There is no universal formula for executive pay. The right structure depends on a company’s sector, strategy, growth profile and capital requirements. That’s why we evaluate each remuneration policy on its own merits, applying careful judgment and considering the broader context. Even so, we believe all well-designed pay structures share a few core principles:  

  1. Long-term focus: Pay should prioritise long-term performance over short-term results. We look for a meaningful weighting toward incentives measured over periods of three years or more.
  2. Pay for performance: Compensation should be tied to metrics that management can influence — such as organic growth, free cash flow, and return on capital. Non-financial targets should be clearly defined and used carefully to avoid subjectivity.
  3. A high bar: To justify high rewards, performance goals must be genuinely stretching. Benchmarks and peer comparisons should be thoughtfully chosen and robust.
  4. Skin in the game: Executives should hold shares for the long term to align with shareholders; we favour equity over options and support meaningful holding requirements.
  5. Keep it simple: Remuneration structures should be clear, transparent, and easy to understand — for both investors and employees.
  6. Right-sized rewards: Competitive industries may warrant higher pay to attract and retain talent, but packages must be proportionate, performance-linked, and not risk eroding stakeholder trust.

Aligning Pay with Performance

Halma

Halma’s remuneration policy is very well designed, with a clear link between performance and shareholder value. CEO Marc Ronchetti receives a base salary of £940,500 and a short-term bonus of up to 200% of this (two-thirds in cash, one-third deferred shares).

The short-term incentive is 90% weighted to a single performance metric: Economic Value Added (EVA). The remaining 10% is linked to diversity and climate-related goals. EVA performance is assessed against a three-year weighted average target.

Figure 1

Source: Halma Company Reports

EVA is uncommon in remuneration structures, but we think it works well as it combines an absolute £ measure of profit while taking into account the cost of capital. Essentially, EVA accounts for both appropriately high returns on capital and profit growth, which in our view should link closely to shareholder value creation.

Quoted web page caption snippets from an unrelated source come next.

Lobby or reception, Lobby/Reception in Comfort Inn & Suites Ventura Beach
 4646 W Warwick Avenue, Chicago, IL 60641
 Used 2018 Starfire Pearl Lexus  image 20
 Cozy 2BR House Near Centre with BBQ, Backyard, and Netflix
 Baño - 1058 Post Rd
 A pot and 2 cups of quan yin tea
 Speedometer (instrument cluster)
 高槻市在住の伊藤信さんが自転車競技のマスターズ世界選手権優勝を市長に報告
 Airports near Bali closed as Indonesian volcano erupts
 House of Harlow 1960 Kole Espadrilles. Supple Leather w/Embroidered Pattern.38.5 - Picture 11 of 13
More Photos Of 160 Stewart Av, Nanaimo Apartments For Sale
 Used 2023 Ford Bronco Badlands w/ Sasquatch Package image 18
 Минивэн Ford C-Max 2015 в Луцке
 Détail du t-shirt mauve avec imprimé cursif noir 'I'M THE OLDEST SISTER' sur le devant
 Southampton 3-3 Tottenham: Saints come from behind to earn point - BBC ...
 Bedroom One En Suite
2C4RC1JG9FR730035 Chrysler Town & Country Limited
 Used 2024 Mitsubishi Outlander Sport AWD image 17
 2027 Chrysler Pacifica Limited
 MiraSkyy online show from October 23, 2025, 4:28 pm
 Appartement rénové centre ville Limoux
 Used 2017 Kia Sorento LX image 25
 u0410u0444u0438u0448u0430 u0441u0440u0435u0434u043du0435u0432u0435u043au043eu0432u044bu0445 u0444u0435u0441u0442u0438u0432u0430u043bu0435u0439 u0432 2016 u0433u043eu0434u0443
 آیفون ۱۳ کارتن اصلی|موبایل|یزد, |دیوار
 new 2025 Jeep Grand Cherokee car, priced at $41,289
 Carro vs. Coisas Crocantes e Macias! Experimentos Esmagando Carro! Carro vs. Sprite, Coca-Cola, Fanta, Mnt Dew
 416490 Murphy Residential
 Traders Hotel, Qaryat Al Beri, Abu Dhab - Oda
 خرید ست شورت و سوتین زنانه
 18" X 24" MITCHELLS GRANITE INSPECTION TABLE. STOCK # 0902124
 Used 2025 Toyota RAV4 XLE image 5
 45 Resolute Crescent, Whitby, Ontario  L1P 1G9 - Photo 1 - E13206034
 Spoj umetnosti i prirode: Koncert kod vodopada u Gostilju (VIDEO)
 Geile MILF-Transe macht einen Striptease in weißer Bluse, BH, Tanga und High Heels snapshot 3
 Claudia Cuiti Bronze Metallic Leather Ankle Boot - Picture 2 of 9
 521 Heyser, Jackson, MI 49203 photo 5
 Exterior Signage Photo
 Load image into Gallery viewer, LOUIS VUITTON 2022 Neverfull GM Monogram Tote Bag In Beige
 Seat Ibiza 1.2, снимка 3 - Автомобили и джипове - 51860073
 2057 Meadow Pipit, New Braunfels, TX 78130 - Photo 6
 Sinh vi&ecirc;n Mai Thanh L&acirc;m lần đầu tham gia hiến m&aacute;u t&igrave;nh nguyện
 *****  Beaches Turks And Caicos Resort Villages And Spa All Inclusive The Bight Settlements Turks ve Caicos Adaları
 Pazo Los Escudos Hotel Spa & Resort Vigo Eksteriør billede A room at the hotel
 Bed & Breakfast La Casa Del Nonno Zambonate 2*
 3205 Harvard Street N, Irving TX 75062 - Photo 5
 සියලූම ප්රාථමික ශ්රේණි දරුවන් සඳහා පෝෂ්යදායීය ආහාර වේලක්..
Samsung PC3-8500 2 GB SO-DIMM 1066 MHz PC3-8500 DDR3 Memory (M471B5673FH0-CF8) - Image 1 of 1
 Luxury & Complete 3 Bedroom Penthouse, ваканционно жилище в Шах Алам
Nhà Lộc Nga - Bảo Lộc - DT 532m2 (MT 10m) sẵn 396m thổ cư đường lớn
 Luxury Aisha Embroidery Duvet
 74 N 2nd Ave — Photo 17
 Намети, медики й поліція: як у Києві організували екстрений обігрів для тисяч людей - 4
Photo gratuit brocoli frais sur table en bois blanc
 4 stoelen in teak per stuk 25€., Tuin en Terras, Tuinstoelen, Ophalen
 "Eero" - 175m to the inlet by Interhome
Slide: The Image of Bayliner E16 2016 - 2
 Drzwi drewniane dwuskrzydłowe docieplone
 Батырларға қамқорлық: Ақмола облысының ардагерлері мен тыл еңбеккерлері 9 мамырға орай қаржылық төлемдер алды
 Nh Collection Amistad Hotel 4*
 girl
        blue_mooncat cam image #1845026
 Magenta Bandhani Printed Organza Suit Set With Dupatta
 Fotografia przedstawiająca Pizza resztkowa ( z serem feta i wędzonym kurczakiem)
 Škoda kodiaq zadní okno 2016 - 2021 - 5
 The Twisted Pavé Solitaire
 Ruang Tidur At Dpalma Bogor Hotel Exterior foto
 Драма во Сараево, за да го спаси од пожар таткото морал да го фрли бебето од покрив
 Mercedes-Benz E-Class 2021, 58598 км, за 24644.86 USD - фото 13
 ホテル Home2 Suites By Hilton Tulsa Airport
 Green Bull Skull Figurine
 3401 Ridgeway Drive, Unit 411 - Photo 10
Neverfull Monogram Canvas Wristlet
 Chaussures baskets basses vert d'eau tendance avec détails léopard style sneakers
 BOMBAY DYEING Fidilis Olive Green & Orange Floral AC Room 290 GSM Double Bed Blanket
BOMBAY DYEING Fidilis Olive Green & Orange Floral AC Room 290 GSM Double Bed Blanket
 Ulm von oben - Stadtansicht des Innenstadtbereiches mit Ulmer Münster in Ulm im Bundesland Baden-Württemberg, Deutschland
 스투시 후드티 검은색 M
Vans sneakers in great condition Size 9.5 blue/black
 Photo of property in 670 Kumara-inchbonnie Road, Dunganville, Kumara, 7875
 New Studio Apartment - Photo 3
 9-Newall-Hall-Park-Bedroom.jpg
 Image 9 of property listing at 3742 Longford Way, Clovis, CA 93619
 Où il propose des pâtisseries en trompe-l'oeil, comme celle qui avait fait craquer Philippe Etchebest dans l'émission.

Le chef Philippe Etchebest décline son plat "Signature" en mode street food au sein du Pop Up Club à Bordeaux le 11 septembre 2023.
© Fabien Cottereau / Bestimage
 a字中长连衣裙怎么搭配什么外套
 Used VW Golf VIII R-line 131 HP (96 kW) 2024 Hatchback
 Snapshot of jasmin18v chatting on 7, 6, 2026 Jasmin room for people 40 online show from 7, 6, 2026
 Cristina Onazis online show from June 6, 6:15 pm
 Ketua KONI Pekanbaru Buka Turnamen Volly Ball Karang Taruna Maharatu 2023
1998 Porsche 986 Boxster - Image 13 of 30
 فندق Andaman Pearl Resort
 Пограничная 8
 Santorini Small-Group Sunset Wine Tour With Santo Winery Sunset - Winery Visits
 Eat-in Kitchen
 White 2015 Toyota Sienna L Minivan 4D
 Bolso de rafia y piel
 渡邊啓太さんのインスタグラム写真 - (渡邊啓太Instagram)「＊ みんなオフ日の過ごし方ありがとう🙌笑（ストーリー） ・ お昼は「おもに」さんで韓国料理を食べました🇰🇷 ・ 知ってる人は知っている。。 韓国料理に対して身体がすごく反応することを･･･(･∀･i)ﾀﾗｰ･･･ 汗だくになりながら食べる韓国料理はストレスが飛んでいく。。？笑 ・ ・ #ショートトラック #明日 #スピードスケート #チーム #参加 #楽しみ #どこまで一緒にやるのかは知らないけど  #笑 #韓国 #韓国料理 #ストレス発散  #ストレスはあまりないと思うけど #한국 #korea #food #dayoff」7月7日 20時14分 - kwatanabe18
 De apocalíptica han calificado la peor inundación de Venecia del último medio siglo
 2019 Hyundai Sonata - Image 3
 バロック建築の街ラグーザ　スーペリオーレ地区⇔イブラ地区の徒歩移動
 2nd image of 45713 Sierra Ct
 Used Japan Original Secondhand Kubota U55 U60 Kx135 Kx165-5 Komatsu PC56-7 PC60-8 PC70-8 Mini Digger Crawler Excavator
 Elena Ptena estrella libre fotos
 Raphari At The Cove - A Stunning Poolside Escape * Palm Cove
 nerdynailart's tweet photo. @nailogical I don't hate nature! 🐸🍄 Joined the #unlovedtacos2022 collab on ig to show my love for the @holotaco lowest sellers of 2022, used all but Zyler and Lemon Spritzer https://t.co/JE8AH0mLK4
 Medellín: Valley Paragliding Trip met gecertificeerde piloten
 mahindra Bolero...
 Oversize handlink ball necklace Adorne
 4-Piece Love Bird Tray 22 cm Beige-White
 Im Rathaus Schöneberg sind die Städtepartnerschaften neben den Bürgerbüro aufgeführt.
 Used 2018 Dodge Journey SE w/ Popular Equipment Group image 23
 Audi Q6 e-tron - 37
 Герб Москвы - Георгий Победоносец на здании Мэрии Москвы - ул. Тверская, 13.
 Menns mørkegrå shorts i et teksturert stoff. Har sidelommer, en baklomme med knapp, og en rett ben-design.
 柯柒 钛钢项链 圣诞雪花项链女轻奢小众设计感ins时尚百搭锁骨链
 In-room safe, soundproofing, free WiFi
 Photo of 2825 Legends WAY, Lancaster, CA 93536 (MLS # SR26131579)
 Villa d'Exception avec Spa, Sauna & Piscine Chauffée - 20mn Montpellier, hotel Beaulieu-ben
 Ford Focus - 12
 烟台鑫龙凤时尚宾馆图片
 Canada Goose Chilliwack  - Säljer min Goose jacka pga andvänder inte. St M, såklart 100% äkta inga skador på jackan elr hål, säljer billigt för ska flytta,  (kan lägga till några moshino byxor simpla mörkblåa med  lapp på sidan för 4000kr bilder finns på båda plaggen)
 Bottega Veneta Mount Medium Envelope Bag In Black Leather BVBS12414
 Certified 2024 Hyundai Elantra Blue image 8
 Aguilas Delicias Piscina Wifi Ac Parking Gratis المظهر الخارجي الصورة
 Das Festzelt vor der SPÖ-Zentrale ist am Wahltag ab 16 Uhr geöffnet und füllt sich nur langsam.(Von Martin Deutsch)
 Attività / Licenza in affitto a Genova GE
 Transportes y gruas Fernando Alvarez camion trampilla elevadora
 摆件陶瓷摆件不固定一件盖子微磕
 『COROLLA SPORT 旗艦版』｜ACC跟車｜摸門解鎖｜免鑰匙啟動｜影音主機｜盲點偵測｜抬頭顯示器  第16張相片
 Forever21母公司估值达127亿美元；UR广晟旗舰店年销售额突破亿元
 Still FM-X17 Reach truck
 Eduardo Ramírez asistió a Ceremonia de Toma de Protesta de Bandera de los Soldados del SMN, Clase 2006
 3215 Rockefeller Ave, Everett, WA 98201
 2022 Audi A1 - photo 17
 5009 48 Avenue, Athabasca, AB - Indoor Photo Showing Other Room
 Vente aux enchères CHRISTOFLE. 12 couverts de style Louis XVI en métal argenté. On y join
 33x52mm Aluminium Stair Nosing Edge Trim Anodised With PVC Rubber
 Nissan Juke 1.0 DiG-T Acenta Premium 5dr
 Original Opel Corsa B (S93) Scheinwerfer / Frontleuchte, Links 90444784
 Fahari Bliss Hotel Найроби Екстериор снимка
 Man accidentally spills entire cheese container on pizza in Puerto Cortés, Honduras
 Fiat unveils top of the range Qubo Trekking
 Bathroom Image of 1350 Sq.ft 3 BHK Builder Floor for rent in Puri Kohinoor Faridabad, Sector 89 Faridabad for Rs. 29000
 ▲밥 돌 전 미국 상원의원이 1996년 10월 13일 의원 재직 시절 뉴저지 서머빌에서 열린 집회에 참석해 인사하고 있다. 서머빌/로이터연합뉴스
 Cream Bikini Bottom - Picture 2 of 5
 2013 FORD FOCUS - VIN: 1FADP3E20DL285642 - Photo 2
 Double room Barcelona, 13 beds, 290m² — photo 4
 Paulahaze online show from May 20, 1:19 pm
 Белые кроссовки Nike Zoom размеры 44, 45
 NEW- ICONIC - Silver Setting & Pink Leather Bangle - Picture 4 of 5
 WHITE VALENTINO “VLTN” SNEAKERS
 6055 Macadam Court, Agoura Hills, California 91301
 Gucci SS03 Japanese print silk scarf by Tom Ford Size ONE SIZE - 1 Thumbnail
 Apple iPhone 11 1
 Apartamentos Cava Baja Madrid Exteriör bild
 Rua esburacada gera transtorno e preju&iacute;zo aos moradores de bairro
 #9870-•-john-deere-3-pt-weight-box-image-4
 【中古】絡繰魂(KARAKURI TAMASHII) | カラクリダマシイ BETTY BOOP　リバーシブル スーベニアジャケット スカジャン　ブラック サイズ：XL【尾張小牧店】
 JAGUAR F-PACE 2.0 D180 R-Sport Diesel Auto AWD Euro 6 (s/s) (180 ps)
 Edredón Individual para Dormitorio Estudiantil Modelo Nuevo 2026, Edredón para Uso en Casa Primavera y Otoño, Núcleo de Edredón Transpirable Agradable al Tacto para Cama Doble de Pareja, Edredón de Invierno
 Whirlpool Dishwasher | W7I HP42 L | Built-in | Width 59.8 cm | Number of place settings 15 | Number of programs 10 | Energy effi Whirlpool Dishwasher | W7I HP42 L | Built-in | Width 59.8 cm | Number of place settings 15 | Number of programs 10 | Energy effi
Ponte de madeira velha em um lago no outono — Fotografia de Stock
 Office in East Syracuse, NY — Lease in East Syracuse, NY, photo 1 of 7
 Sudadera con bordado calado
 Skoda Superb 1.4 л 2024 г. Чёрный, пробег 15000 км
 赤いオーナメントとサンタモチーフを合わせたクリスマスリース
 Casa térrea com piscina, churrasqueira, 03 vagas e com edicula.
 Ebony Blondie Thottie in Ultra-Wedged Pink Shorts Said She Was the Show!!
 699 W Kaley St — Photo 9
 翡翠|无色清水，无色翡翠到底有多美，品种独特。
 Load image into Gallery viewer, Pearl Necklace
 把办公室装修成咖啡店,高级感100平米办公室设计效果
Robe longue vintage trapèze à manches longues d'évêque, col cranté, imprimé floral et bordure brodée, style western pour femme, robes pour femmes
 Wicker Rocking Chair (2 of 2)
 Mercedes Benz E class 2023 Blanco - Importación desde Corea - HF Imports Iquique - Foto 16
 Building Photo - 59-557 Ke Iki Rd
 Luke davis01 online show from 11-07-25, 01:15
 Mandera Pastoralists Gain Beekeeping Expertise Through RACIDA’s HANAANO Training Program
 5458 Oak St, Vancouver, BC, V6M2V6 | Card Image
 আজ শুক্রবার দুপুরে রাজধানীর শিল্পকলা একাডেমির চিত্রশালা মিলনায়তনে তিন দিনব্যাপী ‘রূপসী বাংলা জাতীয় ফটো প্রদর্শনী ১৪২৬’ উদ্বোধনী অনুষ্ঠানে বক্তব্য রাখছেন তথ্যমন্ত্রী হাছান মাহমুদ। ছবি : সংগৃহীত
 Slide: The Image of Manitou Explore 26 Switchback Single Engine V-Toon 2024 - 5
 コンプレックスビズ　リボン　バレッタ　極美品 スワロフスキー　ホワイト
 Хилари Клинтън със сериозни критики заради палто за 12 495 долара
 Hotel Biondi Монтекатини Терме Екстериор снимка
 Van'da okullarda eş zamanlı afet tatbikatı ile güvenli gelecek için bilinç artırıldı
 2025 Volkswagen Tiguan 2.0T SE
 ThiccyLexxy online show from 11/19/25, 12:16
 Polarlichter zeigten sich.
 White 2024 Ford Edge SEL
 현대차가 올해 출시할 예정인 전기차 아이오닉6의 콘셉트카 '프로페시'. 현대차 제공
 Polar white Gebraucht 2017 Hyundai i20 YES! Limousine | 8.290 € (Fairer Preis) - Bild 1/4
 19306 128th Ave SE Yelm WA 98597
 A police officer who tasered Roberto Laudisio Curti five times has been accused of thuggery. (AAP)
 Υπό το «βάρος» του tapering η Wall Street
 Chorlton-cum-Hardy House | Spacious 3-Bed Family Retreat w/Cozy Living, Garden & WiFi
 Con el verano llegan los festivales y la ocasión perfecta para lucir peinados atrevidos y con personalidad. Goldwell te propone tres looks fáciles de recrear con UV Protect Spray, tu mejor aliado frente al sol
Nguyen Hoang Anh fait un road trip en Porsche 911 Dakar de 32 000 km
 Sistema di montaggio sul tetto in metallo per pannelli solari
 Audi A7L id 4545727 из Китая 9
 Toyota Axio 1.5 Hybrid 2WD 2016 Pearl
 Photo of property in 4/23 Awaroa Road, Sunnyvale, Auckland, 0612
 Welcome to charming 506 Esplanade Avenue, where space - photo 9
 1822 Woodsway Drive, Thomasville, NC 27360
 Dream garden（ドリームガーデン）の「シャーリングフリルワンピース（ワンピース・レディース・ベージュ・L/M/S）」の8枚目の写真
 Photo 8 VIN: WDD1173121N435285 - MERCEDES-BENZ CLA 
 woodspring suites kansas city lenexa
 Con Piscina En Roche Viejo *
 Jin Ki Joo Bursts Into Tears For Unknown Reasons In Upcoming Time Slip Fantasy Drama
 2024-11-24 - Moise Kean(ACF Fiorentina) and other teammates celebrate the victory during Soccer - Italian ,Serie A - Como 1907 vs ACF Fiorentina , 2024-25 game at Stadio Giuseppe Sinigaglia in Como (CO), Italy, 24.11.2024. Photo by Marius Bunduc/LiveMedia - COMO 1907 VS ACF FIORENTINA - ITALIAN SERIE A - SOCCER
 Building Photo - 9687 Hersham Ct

While EVA is not always the most intuitive or easily understood metric, particularly compared to simpler profit-based measures, in Halma’s case it works, offering a more precise gauge of value creation across a decentralised group structure.

Halma’s long-term incentive plan covers similar bases. It can be up to 300% of base salary and is entirely awarded in shares. Performance is measured 50% on three-year earnings per share growth and 50% on three-year average Return on Total Invested Capital (ROTIC). Earnings per share (EPS) ensures the policy will penalise for any share issuance (such as using equity for acquisitions).

The combination of EVA, ROTIC, and EPS growth mean Halma’s management are strongly incentivised to observe capital discipline while still being incentivised to grow over both the near and long term. Observing appropriately high returns on invested capital is particularly important in Halma’s case, as they are a serial acquirer of small businesses, deploying large amounts of capital every year to grow inorganically.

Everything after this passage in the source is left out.